**WHAT TO PRODUCE**.
The result should be an exact copy of only the lines from the one with "Panda eating ice cream emoji" through the last line of the data below, with pictures omitted.

── SUPPLIED DATA ──

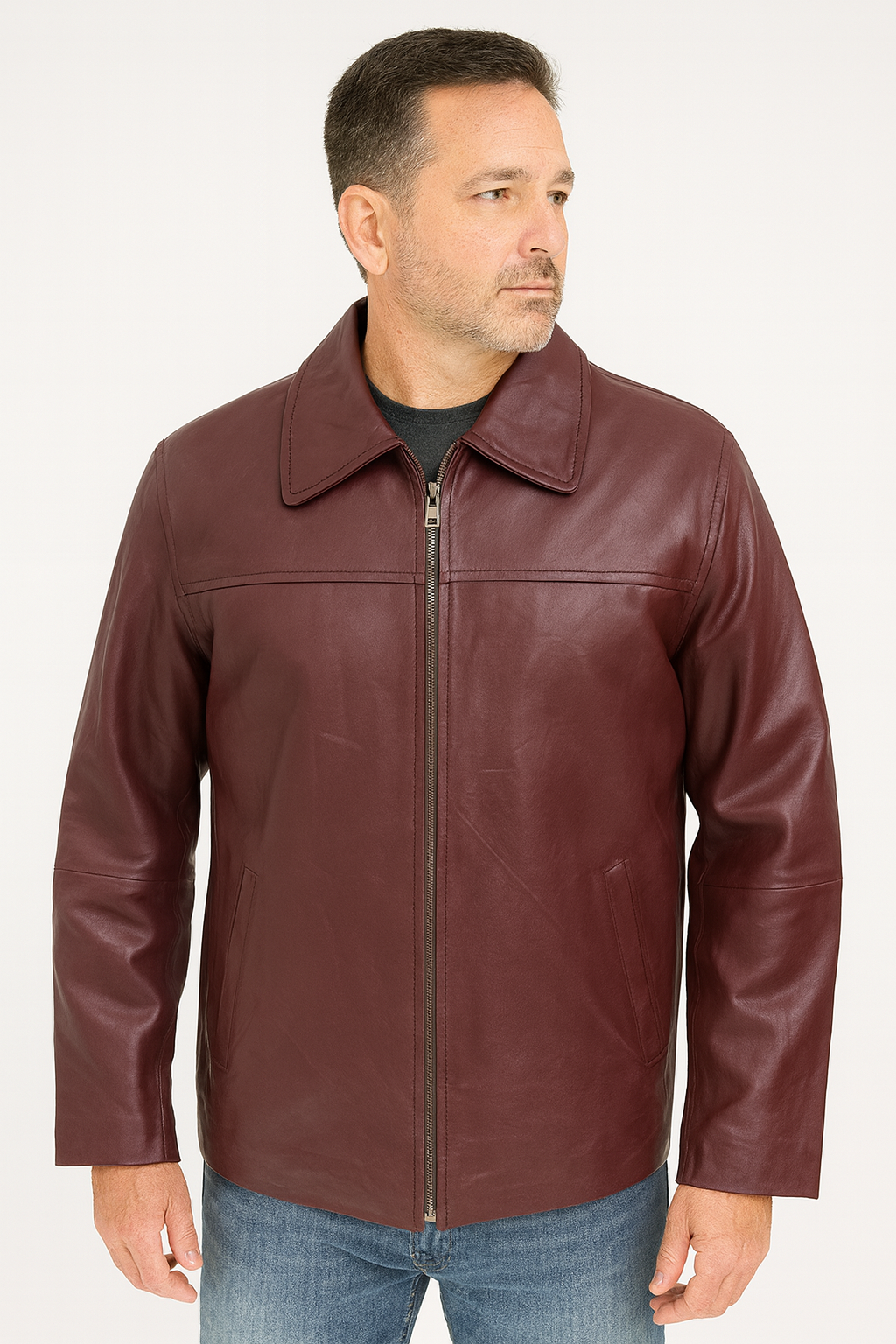 Men’s James Dean Style Leather Jacket – M-119
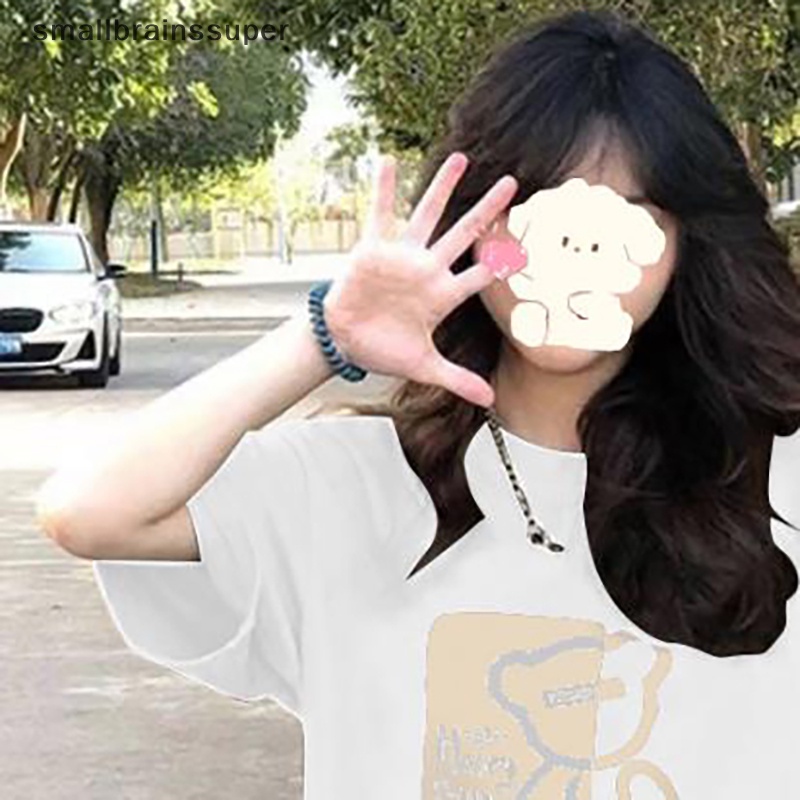 Áo Thun Ngắn Tay Cổ Tròn Dáng Rộng In Hình Gấu Hoạt Hình Thời Trang Mùa Hè Giản Dị Dành Cho Nữ SBS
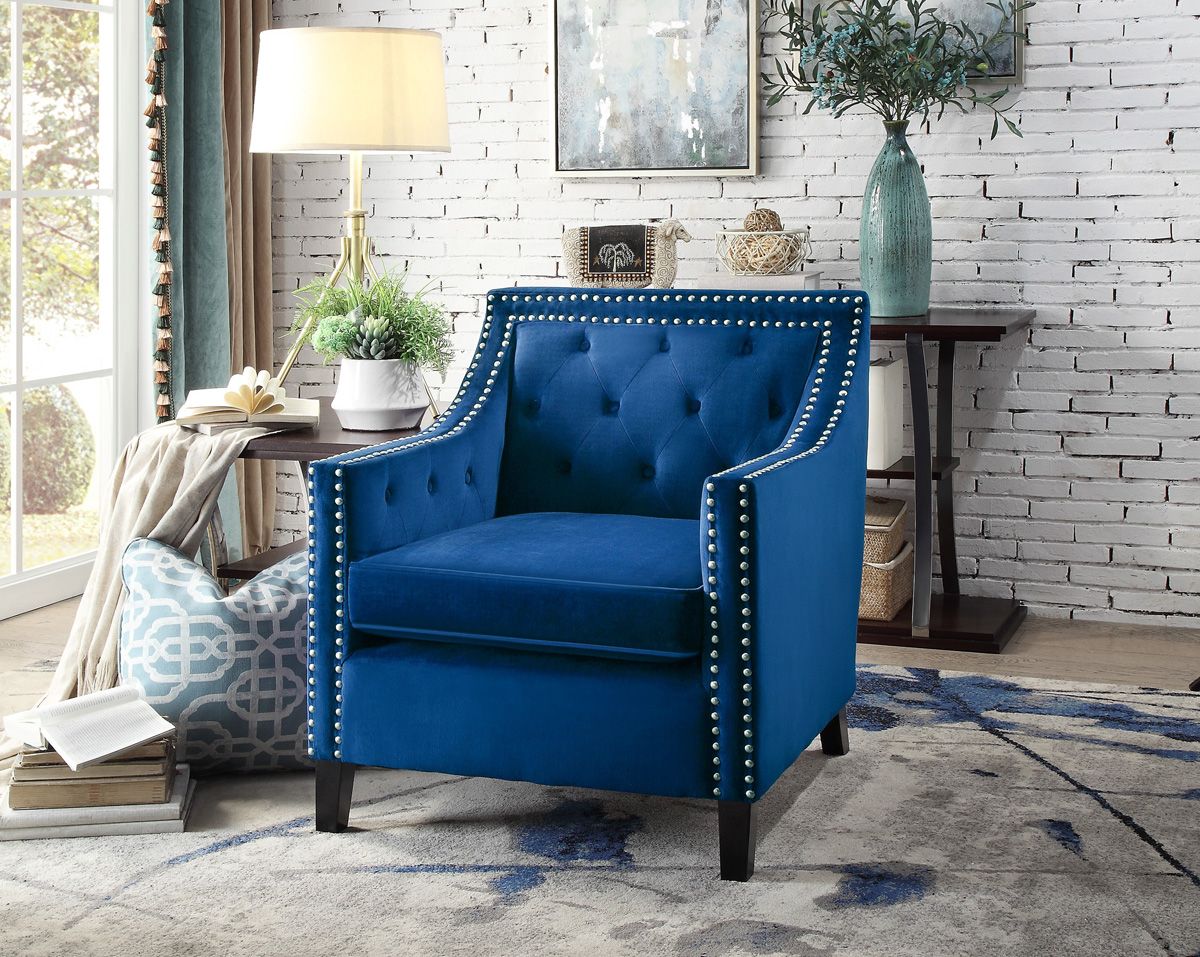Lodovico Blue Velvet Accent Chair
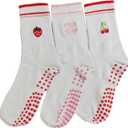 Pilates Socks for Women Yoga Barre Grippy Socks Non Slip Athletic Workout Crew Sock for Hospital (One Size, Pack 01)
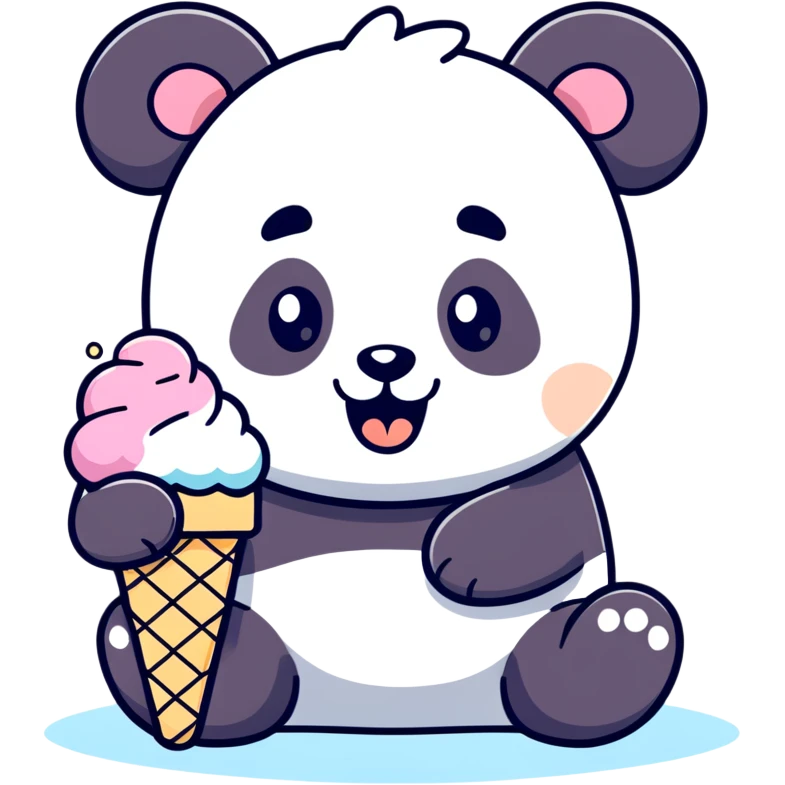 Panda eating ice cream emoji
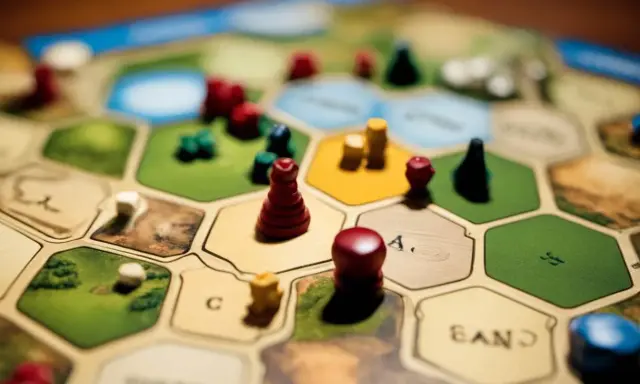 Plansza do gry Catan, z pionkami i zasobami. Catan instrukcja jest kluczem do zwycięstwa.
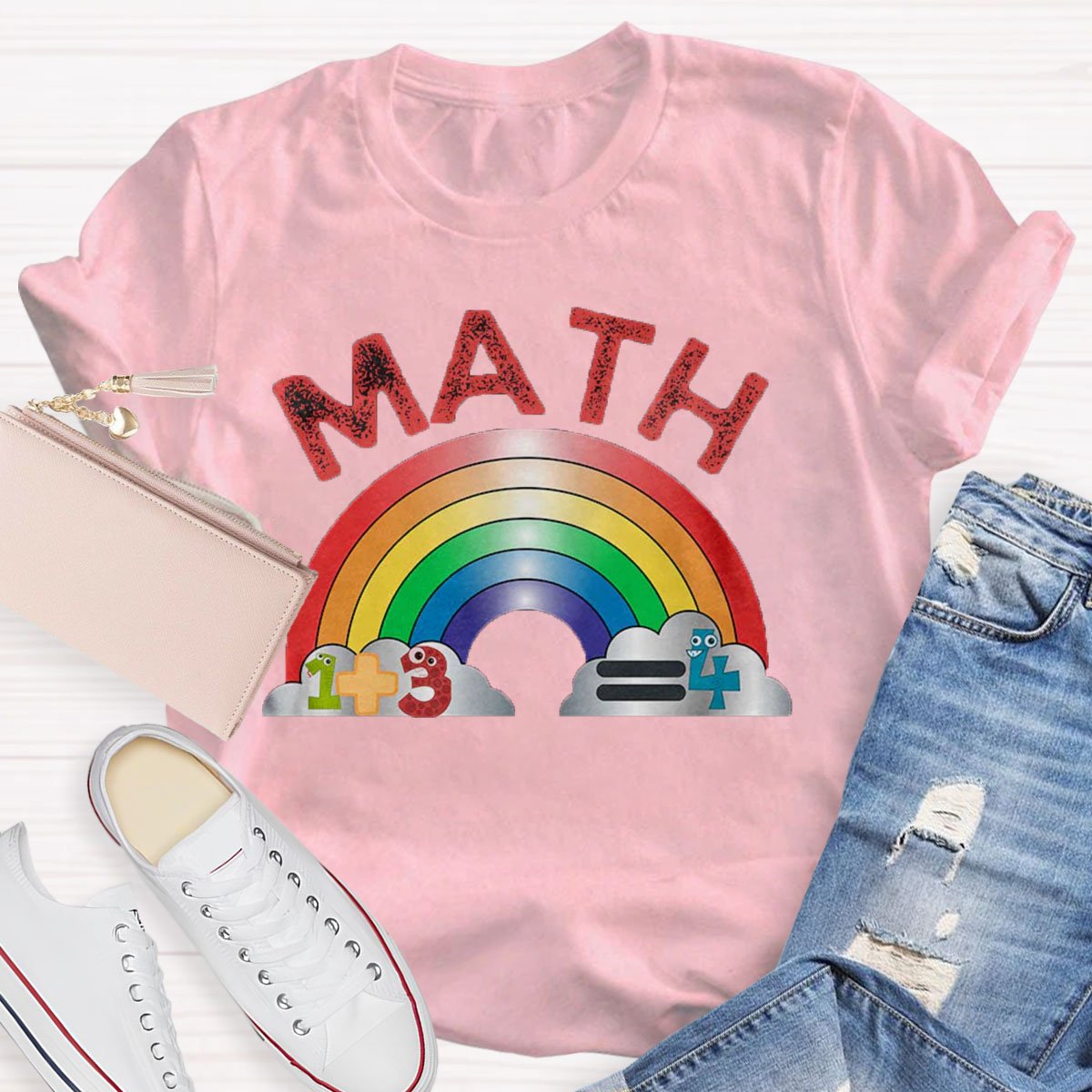 Math Teacher With Rainbow Print Short Sleeve T-shirt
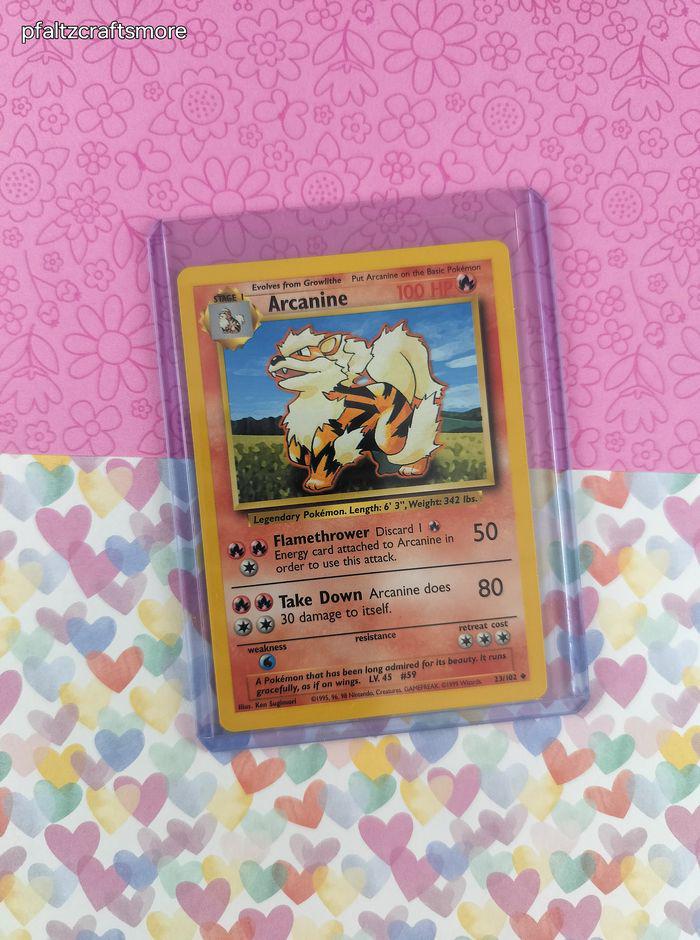arcanine pokemon card 23/102 Pokmon TCG Base Set [2RR] Take Down (80) Arcanine does 30 damage to self. Arcanine 23/102 Base Set 100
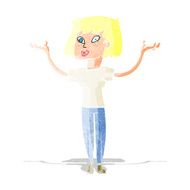 cartoon woman holding up hands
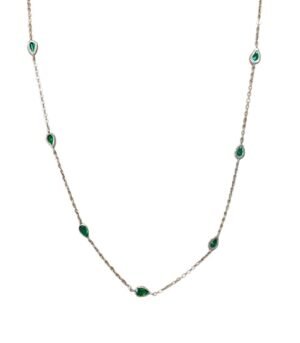 Κολιέ Ασήμι Β925 με πράσινα ζιργκόν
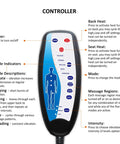 Controller for Cozy Massage Seat Cushion With Heat And Memory Foam Neck And Lumbar Support, shows functions and settings.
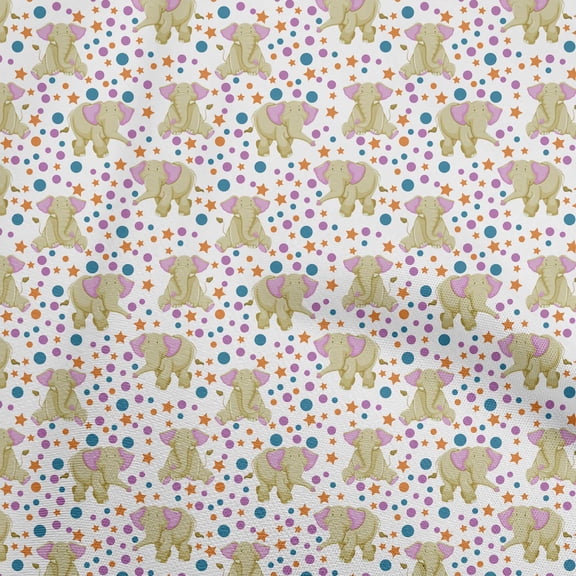 oneOone Georgette Viscose White Fabric Circus Sewing Craft Projects Fabric Prints By Yard 42 Inch Wide-aC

───

**RESULT OF THIS TASK**.
 Panda eating ice cream emoji
 Plansza do gry Catan, z pionkami i zasobami. Catan instrukcja jest kluczem do zwycięstwa.
 Math Teacher With Rainbow Print Short Sleeve T-shirt
arcanine pokemon card 23/102 Pokmon TCG Base Set [2RR] Take Down (80) Arcanine does 30 damage to self. Arcanine 23/102 Base Set 100
 cartoon woman holding up hands
 Κολιέ Ασήμι Β925 με πράσινα ζιργκόν
 Controller for Cozy Massage Seat Cushion With Heat And Memory Foam Neck And Lumbar Support, shows functions and settings.
 oneOone Georgette Viscose White Fabric Circus Sewing Craft Projects Fabric Prints By Yard 42 Inch Wide-aC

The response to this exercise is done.